#### [TASK DETAILS]
The listing below must be repeated word for word, with its images excluded.

#### [INFORMATION SUPPLIED]

----------------------------------------

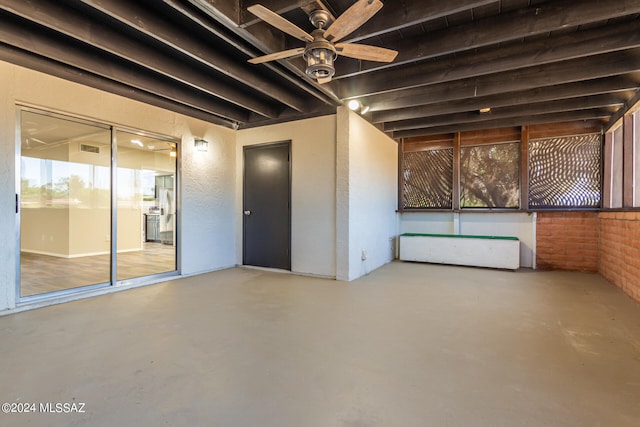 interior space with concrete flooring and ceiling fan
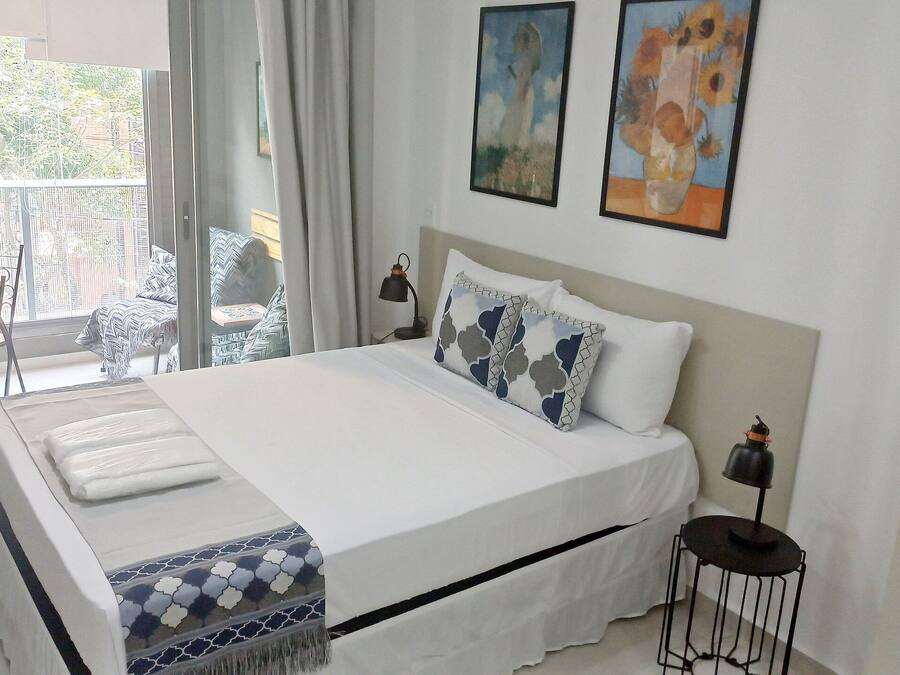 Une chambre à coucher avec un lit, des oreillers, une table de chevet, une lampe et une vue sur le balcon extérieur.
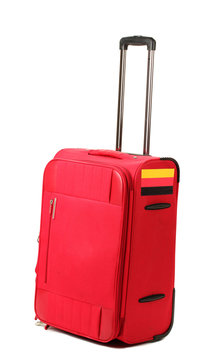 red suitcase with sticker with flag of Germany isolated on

----------------------------------------

#### [SOLUTION TO THIS TASK]
 interior space with concrete flooring and ceiling fan
 Une chambre à coucher avec un lit, des oreillers, une table de chevet, une lampe et une vue sur le balcon extérieur.
 red suitcase with sticker with flag of Germany isolated on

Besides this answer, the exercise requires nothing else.